By Ray Schultz
On the first night of Rosh Hashanah 1973, the Lubavitcher Rebbe came down from his study and said, “Good Yontif” to the men assembled there. That greeting is hardly unusual, but everything said by the Rebbe was subject to interpretation, even this. “It was strange,” a Lubavitcher man told me. “It was almost as if he knew what was about to happen, and he wanted to make the best of it.”
They soon found out what was going to happen: Like Henry Kissinger, we in New York awoke on Yom Kippur morning to the news that Egypt and Syria had attacked Israel on multiple fronts. I felt a shaft of cold fear when I saw the headline: “Egypt Crosses Bar Lev Line,” the sandy build-up on the Sinai side of the Suez canal.

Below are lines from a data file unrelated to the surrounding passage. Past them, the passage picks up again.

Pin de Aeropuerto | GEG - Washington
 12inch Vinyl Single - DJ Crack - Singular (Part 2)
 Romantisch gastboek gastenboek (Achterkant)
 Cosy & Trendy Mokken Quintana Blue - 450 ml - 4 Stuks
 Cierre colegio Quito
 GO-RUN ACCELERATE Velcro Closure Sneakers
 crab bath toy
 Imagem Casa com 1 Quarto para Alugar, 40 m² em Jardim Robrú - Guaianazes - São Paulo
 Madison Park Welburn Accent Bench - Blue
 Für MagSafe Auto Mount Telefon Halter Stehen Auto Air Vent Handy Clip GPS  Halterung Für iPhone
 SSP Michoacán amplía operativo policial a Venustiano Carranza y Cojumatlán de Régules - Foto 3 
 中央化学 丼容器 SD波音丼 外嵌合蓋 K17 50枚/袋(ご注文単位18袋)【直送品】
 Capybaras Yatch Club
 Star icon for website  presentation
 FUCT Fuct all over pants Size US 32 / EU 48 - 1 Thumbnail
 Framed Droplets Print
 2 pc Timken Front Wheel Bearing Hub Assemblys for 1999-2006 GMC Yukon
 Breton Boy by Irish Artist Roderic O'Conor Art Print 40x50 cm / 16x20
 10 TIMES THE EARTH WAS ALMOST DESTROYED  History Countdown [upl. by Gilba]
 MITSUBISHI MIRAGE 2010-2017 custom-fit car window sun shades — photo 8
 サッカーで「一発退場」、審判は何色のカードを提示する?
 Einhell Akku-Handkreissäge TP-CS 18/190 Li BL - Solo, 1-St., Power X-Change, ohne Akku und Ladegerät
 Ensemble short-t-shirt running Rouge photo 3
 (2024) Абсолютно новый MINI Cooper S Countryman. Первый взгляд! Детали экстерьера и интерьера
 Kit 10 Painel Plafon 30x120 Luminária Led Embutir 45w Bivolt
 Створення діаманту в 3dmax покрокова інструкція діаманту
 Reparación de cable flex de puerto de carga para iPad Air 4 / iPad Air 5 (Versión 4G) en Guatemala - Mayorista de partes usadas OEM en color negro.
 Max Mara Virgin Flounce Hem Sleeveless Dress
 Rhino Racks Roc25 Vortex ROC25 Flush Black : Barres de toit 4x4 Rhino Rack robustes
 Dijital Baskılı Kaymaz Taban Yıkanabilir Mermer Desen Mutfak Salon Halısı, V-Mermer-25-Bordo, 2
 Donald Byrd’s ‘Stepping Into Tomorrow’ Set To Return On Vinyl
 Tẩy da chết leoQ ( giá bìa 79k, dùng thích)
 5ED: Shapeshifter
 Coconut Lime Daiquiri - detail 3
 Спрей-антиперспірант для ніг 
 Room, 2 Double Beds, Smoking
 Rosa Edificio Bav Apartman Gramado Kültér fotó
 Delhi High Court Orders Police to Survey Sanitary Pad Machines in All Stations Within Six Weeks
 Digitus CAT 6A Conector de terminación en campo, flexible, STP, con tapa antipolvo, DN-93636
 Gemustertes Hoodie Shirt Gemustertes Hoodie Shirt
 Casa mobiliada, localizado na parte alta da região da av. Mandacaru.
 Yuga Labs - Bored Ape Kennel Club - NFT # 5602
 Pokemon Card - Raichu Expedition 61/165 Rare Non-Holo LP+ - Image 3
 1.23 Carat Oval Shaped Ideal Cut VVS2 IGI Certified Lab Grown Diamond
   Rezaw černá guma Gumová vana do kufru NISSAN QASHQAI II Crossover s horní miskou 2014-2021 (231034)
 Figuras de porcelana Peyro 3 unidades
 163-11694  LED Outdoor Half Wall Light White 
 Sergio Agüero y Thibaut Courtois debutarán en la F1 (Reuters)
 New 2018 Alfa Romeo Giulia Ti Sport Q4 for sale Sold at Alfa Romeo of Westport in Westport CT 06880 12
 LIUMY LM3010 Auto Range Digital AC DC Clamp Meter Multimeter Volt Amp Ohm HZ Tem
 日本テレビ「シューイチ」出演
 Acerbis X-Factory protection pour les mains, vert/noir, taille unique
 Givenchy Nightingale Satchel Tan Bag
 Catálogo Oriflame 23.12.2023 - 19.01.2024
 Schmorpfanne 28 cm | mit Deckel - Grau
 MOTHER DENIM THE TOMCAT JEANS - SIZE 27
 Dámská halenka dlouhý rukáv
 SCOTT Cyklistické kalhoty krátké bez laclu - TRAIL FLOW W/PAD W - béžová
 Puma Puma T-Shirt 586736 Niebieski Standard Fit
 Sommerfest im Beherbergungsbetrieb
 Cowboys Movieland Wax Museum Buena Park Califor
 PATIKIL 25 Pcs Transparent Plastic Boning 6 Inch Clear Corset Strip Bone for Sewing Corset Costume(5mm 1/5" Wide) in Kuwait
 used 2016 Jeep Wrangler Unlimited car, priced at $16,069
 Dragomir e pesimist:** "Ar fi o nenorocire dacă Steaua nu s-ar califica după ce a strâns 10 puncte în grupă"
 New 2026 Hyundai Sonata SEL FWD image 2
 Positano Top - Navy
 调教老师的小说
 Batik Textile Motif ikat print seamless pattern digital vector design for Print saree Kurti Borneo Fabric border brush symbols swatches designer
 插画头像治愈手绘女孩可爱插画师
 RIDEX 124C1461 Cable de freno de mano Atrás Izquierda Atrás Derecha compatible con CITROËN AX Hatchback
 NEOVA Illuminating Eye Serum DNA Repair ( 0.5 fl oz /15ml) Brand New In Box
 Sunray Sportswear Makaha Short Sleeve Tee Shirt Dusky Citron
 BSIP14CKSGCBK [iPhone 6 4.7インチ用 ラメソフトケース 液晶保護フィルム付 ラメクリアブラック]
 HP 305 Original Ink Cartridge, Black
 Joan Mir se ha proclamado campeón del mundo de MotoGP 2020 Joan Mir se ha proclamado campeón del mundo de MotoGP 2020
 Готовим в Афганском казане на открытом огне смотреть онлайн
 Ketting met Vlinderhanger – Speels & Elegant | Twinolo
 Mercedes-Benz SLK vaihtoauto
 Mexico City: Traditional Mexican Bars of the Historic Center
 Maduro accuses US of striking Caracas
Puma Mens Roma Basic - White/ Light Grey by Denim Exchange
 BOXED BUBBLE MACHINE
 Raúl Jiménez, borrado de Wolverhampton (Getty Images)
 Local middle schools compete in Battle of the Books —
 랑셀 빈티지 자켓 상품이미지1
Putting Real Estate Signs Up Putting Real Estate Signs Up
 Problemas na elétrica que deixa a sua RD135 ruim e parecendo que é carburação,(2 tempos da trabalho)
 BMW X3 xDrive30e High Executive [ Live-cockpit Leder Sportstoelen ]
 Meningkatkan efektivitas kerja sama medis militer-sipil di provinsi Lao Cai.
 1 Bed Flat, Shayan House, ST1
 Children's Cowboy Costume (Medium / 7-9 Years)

As a lefty, I had complicated feelings about Israel. Like many, I exulted in the Israeli success in the Six-Day War in 1967. Israel had destroyed Egypt’s air force with a preemptive strike on June 5. By Saturday June 10, the Israelis had occupied the Sinai, the West Bank and the Golan Heights. On a newsstand, I found a one-shot pulp magazine that featured pictures from the war, accompanied by funny captions, the running joke being that everything in the Middle East was occupied. One photo showed Egyptian strongman Gamal Abdul Nasser walking down a hall, and saying, “I have to use the men’s room.” A cowering aide says, “I’m sorry, sir, the men’s room is occupied.”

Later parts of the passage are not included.